The menopause was once shrouded in secrecy, says our columnist, but now it’s being talked about we can all feel less isolated

There’s something I’ve heard talk of for years; like a dark fairy tale for women, spoken of in hushed tones by groups of nervous looking, sweating ladies desperate to find out what’s happening to them. When I was younger, the menopause wasn’t so much a natural part of life, more a horror story. And like the best horrors, information was sparse and, with each telling, the details got worse. Of course, ignorance is the cause of most fear. I knew more about the Loch Ness Monster than I did about my reproductive system and it felt like the menopause was hiding round the corner waiting for me, like a hormonal Freddy Krueger.

I remember hearing women whisper about ‘the change of life’ as if it was a transformational moment when you became a completely different person. Last year, I learned that wasn’t true, because it happened to me.

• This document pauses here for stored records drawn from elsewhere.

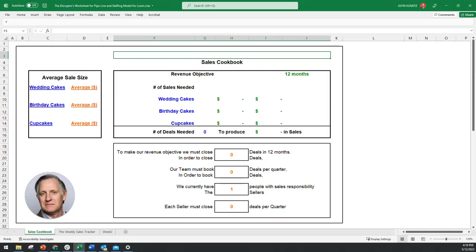Hi, this is John Kuntz, the host of the Disruptor podcast. And today in this mini-series, we're going to take part one at building your sales cookbook. This is a technique that I learned and have refined over the years, and I've built this template that I'm going to show you how to use, which is something you can request through a download off of my Disruptor YouTube channel.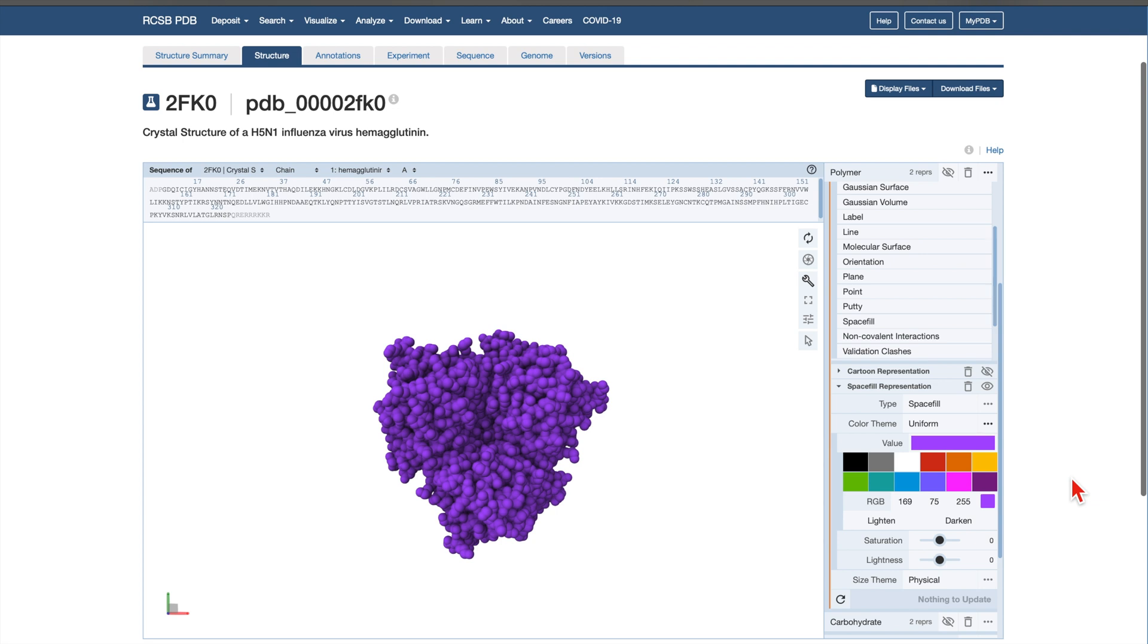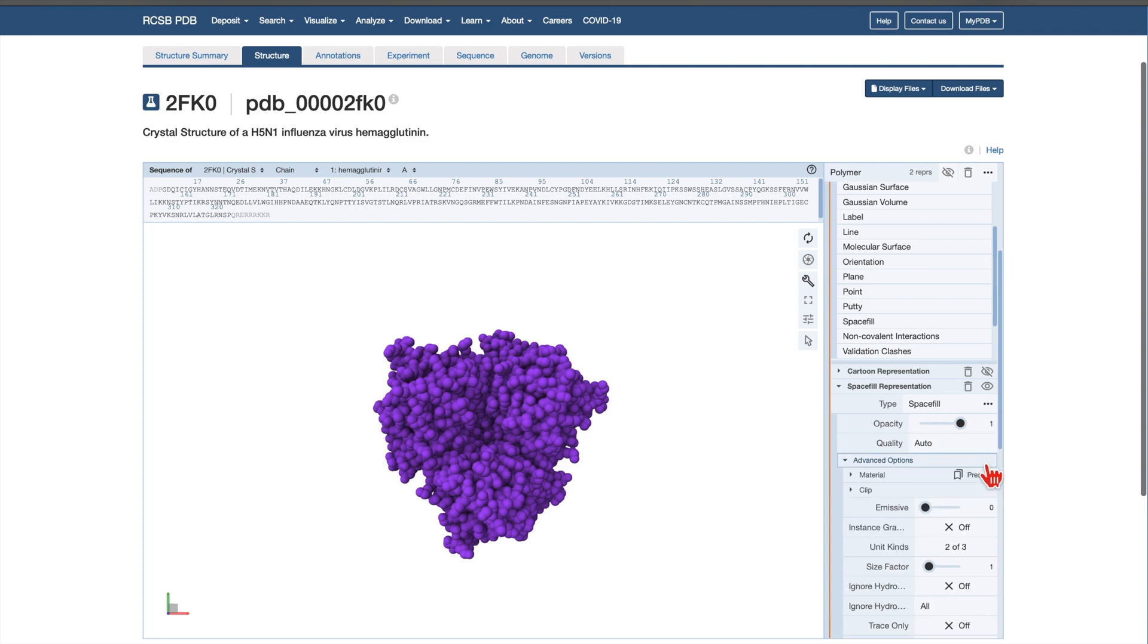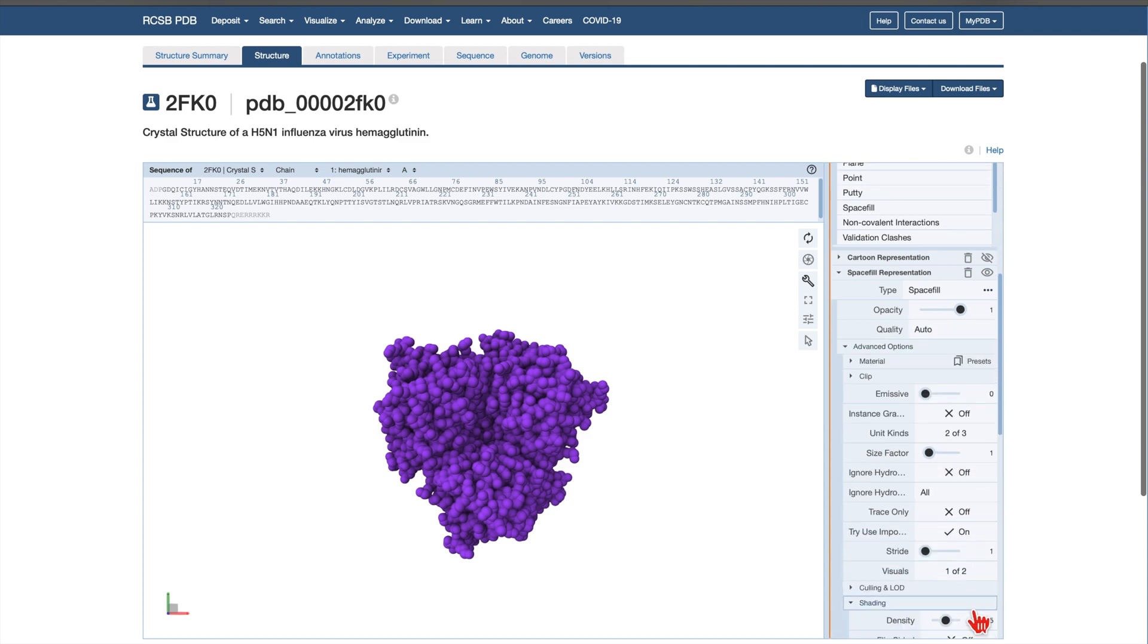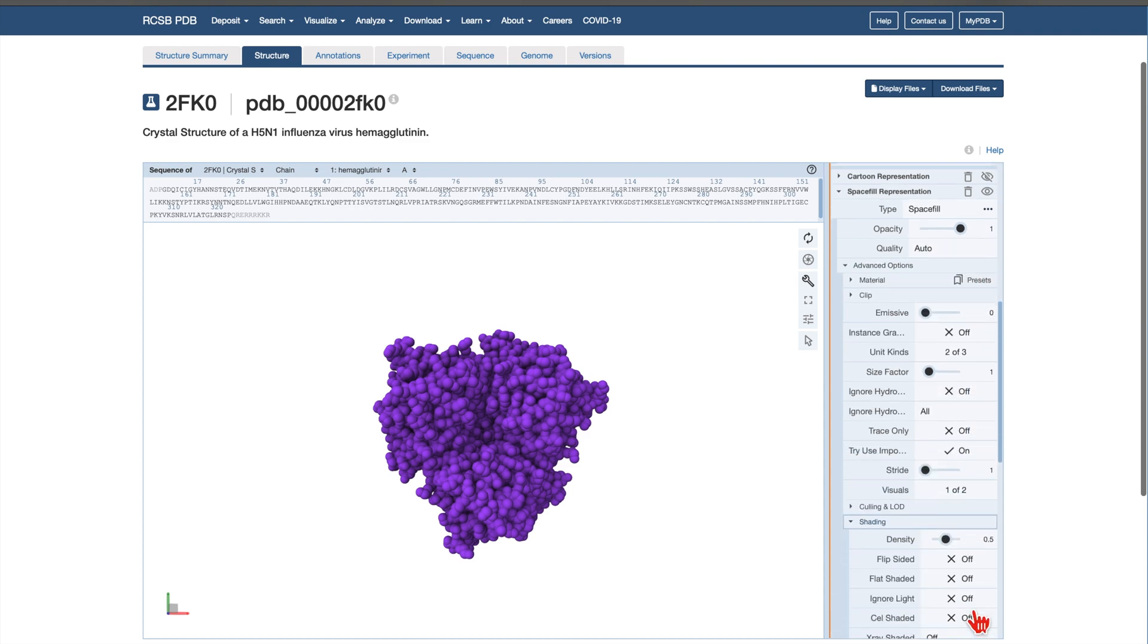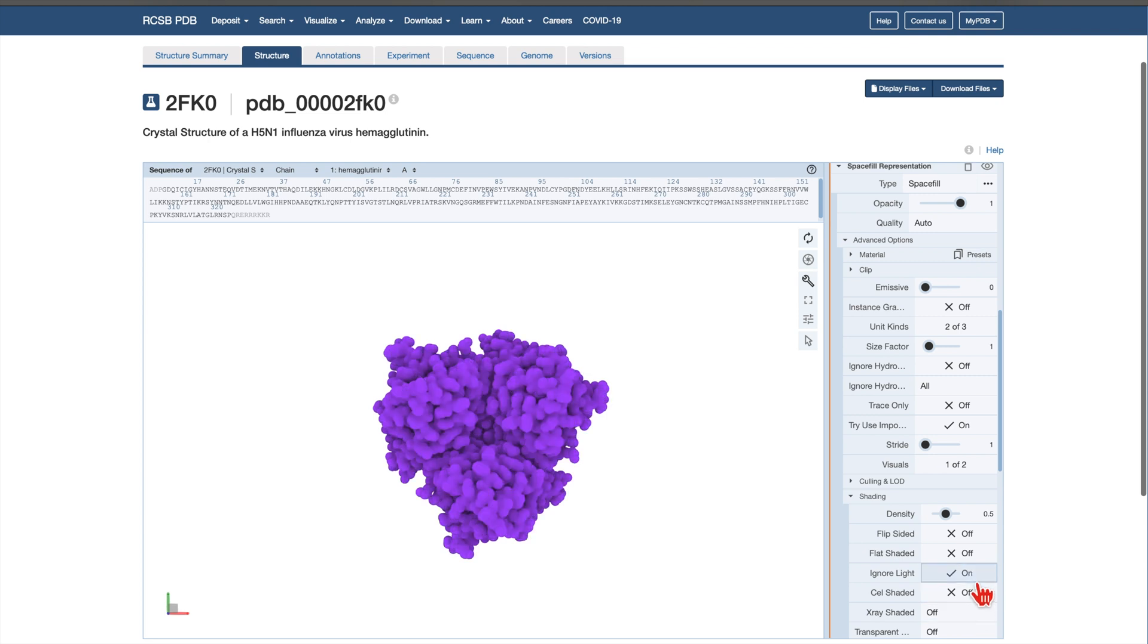To create a more illustrative effect, click the three-dot icon in the Type section. Go to Advanced Options, then scroll down to Shading. Next, toggle the Ignore Light option to On. This flattens the shading and removes realistic lighting.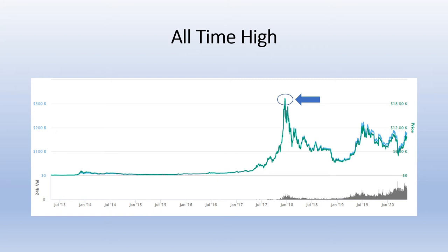The next one is all-time high. This one is pretty self-explanatory — it merely refers to any specific coin's all-time high price. The chart here shows Bitcoin in late 2017 when it hit $20,000. An all-time high is simply the highest price that a specific coin has ever reached.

And in this column, I’m going to tell you about my experience.

In many ways I was lucky, in that several of my friends had started going through the menopause, so I realised quite quickly that I was starting to go through that special time.

I say I realised it. It was one of my friends who sat me down, pointed at me like a medical Hercule Poirot, and said: ‘Welcome to the club.’

I (luckily) avoided the many hot flushes that had so plagued my pals. Although, that feeling of heat coursing through my body is not totally unknown to me. I remember walking into a shop, turning bright red, sweating through my clothes and standing there, quite unable to decide what to do. A woman walked past me, smiled, and said: ‘Outside is better.’ And it was.

For me, I found the mood changes the most difficult. I’m a woman who has been quite open about my mental health; I’ve had times when I’ve felt quite depressed. But this was different. It was like all the joy had been sucked out of life and it heightened every anxiety I’ve ever had. I also found absolutely everything that my lovely partner did annoying and horrific (mainly the way she spoke, ate and breathed);I became, to put it politely, a nightmare.